Ему надо было остаться. Какой же я все-таки идиот, что не подумал в свое время о протезе. Каждый раз после очередной встречи с ним жалею об этом. Хороший, старомодный крюк, при этом остро отточенный, — вот, что мне надо. Если подумать, сейчас такое приспособление пригодилось бы мне даже больше, чем рука.
Я скорее найду номер, если пойду в сторону площади Республики. На два-три дня, может, больше, но никак не меньше.
Джентльмену нужна моя шкура.

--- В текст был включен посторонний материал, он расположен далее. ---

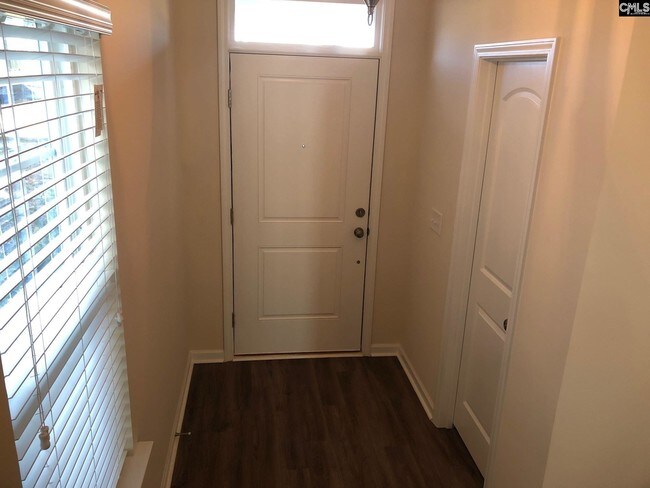 Foto del edificio - 1155 Bergenfield Ln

Его раздражает моя память, полная свеженьких воспоминаний, моя ксерокопия «Опыта № 30», моя разговорчивость и мой слишком крепкий нос. Наверно, он иногда обо мне думает. Дорого бы я дал, чтобы узнать, каким он меня видит.
Горло напоминает о себе при каждом глотании. Но голос понемногу возвращается. Время от времени я пробую голосовые связки — от низких к высоким.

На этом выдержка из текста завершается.